I am sure there must be a tool out there that does it and does it fast? Parsing each file with a custom script is an option but I have big files and want something efficient. Too bad FastQC does not seem to provide this option.
zcat file.fq.gz | paste - - - - | cut -f2 | wc -c
zcat: print gzipped file (if the file is not zipped, just use cat)
paste - - - -: print four consecutive lines in one row (tab delimited)
cut -f2: print only the second column (after paste this is the second line of the fastq-format, meaning the sequence)
wc -c: count the characters
I'd probably go with something simple like:
grep -E '^[ACTGN]+$' | perl -pe 's/[[:space:]]//g' | wc -c
The assumption here is that you want to count all characters on all lines that contain only one of ACTG or N.
You can also use
fastx_quality_stats from the fastx toolkit. It reports the total number of bases, among other things.

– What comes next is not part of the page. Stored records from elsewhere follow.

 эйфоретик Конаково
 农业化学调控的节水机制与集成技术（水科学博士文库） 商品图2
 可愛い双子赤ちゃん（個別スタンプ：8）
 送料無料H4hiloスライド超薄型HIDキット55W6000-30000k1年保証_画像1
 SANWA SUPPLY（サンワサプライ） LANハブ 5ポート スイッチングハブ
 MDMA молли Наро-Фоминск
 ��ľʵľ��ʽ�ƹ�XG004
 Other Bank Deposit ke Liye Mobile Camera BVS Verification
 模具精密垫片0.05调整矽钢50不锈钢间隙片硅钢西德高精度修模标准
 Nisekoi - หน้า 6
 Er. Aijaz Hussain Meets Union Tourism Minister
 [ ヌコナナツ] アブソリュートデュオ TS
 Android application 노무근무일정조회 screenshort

This assumption is not correct because many quality lines start by letter like CGAT or N, then you are adding to the count the characters from the lines of the quality that start with this values, remember that the ASCII code include all the letters of the alphabet!!!! The wak Samuel's script works perfectly, sure that the problem is that maybe you are not including the quality data in your data test or are not included in the correct line, because all the fastq files have each 4 lines the nucleotide sequence....